Se Schmitt foi suficientemente sagaz
para precisar o ponto em que Estado de Direito e estado de exceção se
indeterminam, penetram e articulam, hoje, temos de ser suficientemente
humildes, ou rebeldes, para, diante de toda a moralia teórica messiância pós-positivista, perguntar com
Agostinho Ramalho Marques “quem nos salvará da bondade dos bons?”.
Esses, me parecem ser, os não-caminhos,
as aporias estratégicas, políticas e jurídicas com as quais todo aquele que
deseja pensar os caminhos teóricos da relação entre instituições e democracia
sob o ponto de vista da Teoria do Direito. A Teoria do Direito não passa de um
aparelho de Estado, de um aparelho de captura, mas a Filosofia do Direito
comporta a potência específica de uma máquina de guerra capazes de
desestratificar as capturas do saber teórico e as estratégias de poder que as
governam e consolidam; ela, sim, uma vez que se desprenda das tradições da
soberania e do direito disciplinar, pode desempenhar, no campo jurídico, o
papel anárquico e revolucionário da sociedade contra o Estado clastreana.
Que me perdoem os pós-positivistas e
suas cantigas para ninar ideologias, mas é preciso recusar-se a capturar a
política apenas nos horizontes da hermenêutica – legado recente, simbólico, ambíguo
e problemático da adoção à brasileira do standard
miscível dos neoconstitucionalismo . A relação entre direito e política, como
entre direito, poder e formas de vida, jamais pode ser reduzida – senão como
fruto já da implantação de uma estratégia de poder – a uma questão hermenêutica.
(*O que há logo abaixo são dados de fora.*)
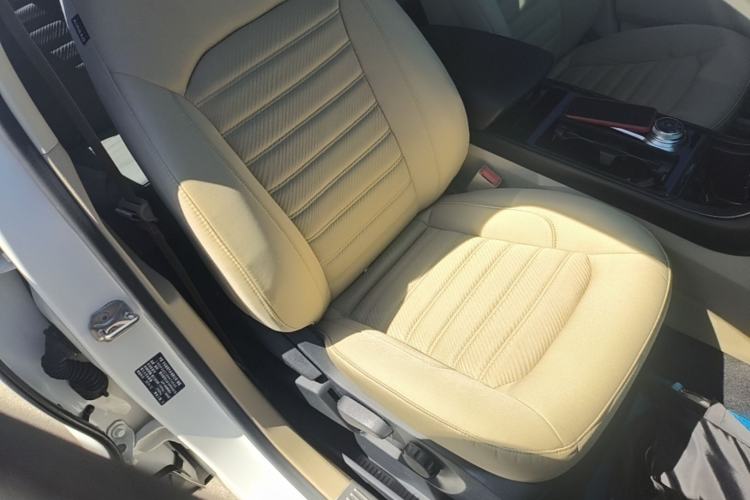Used Ford Edge 2020 EcoBoost 245 Two-Wheel-Drive Titanium 5-Seater Right Front Seat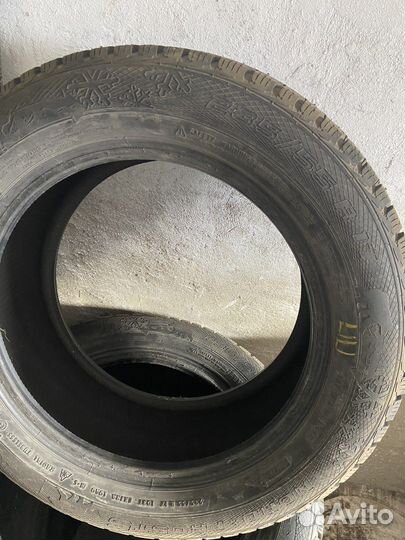 Gislaved Nord Frost 5 235/55 R17 105S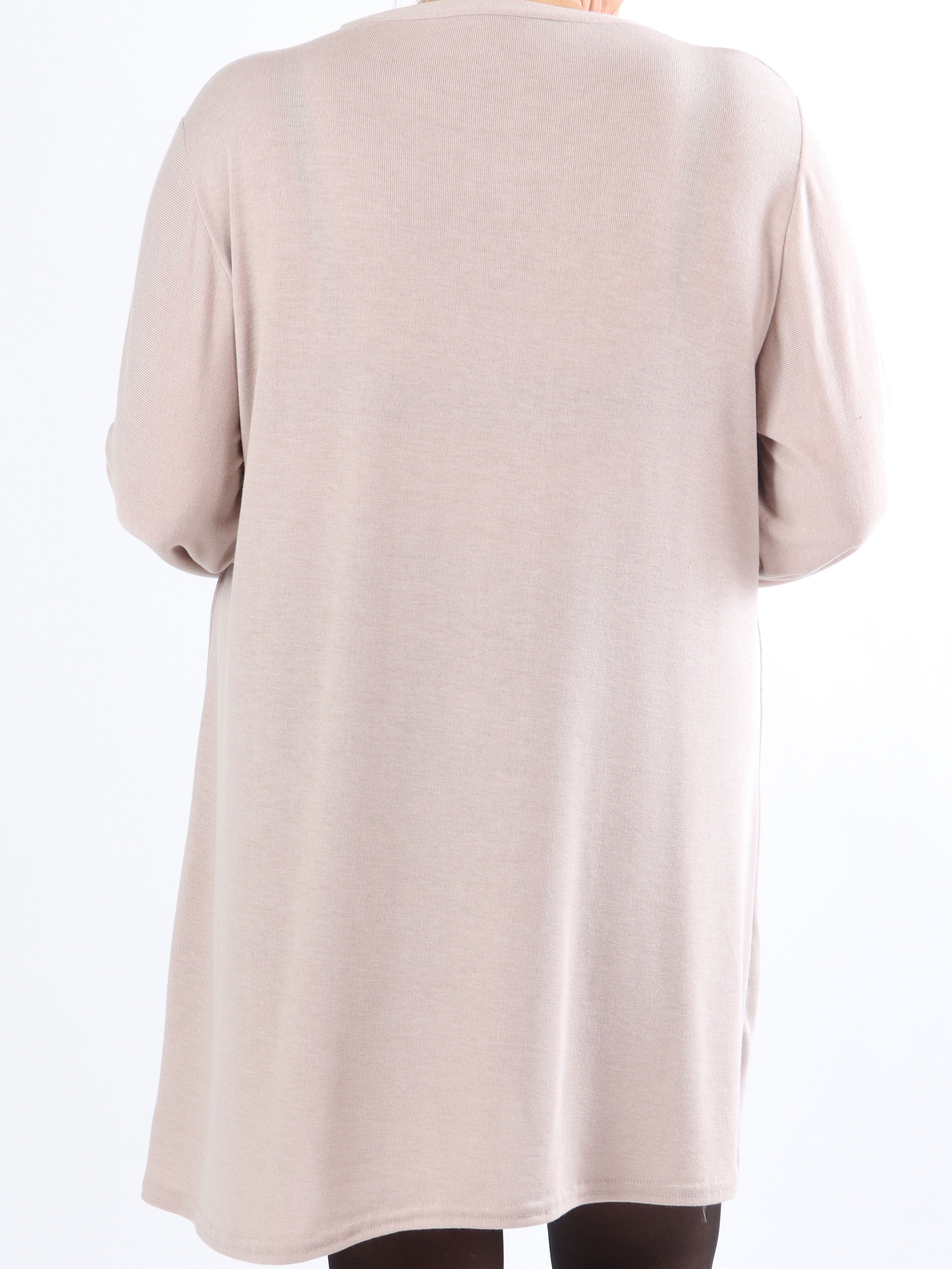 Nerea - Lätt plus size-stickning med skrift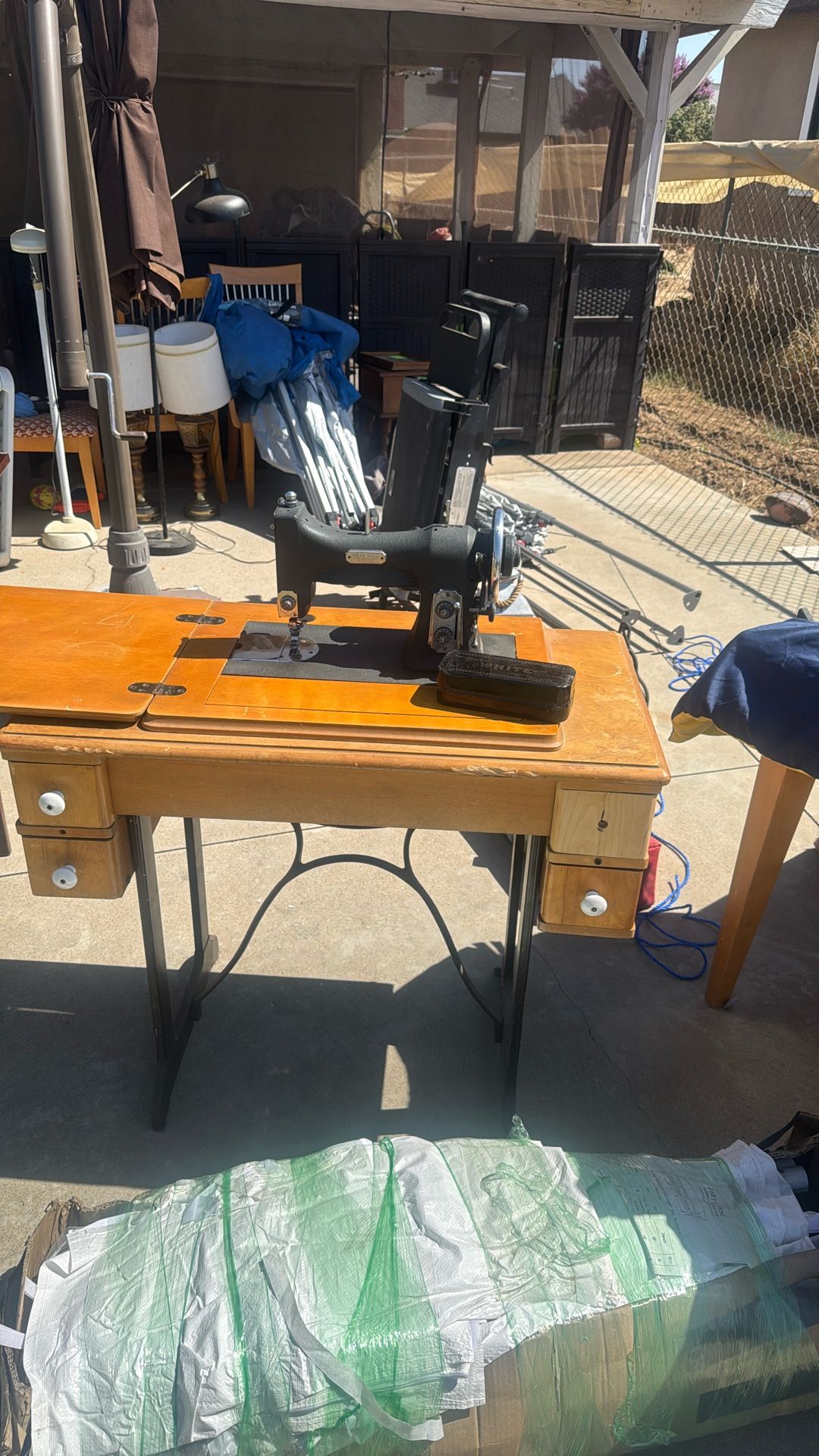 White Sewing Machine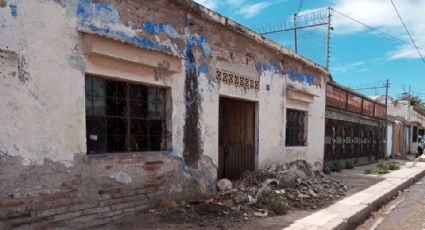 Denuncian vecinos de la colonia Cortinas en Ciudad Obregón casa abandonada convertida en basurero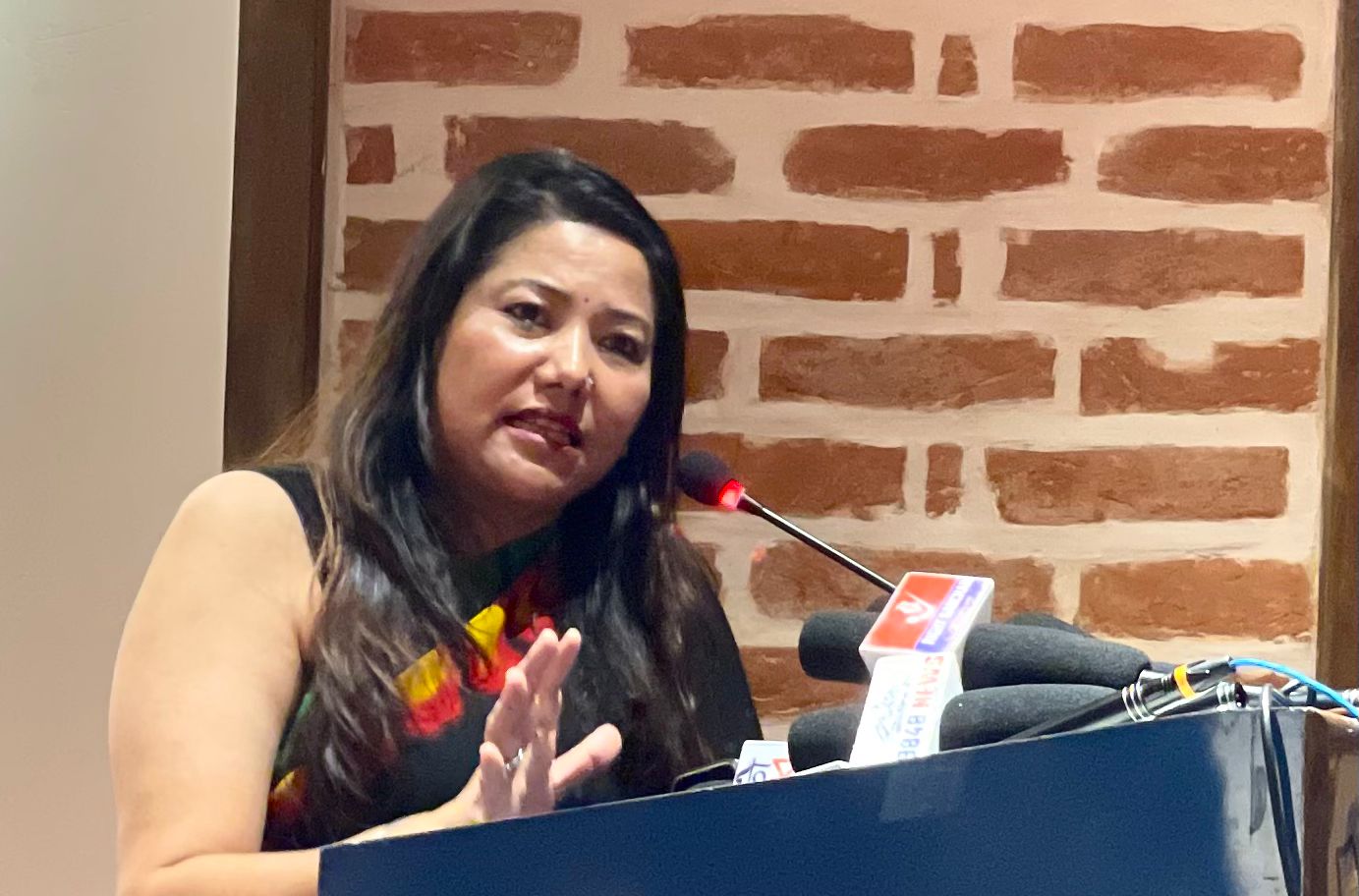 जेनजी विद्रोहले लोकतान्त्रिक प्रणाली माथि प्रश्न उठाएको छ : नेतृ झाक्रि जेनजी विद्रोहले लोकतान्त्रिक प्रणाली माथि प्रश्न उठाएको छ : नेतृ झाक्रि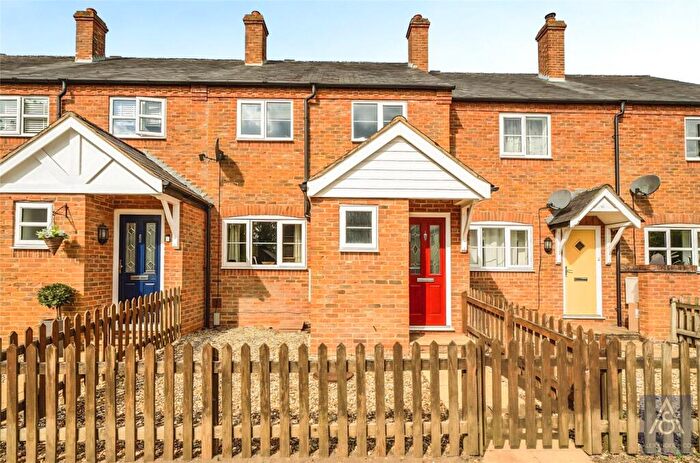 3 Bedroom Terraced House For Sale In High Street, Whittlebury, Towcester, NN12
Muito pelo contrário, o que qualquer julgado de qualquer corte constitucional
poderia nos mostrar é que a hermenêutica é que é uma questão política – e, sob
todos os aspectos, uma questão profundamente política, na qual estão em jogo
nossos modos de existência e nossas formas de vida. É preciso politizar a
hermenêutica, antes de aderir a conceitos prontos e fechados de democracia que,
em geral, nada mais fazem senão reproduzir uma ordem de valores que deve ser
cartografada, recusada e denunciada como conservadora das formas de vida para o
mercado e para a servidão voluntária. Eis o trabalho político que nos espera no
campo da teoria e da filosofia do direito; e assim, talvez, no cerne desse
trabalho político que se confunde com a
afirmação radical de nossa própria liberdade, a aporia deixe de representar o
que etimologicamente significa – um não-caminho
–, para tornar-se apenas a impenetrável e invisível trilha que não percorremos ainda...
*Comunicação realizada em 15.04.2013, aos alunos de graduação e pós-graduação da Faculdade de
Direito do Centro de Ensino Superior dos Campos Gerais (CESCAGE, Ponta Grossa).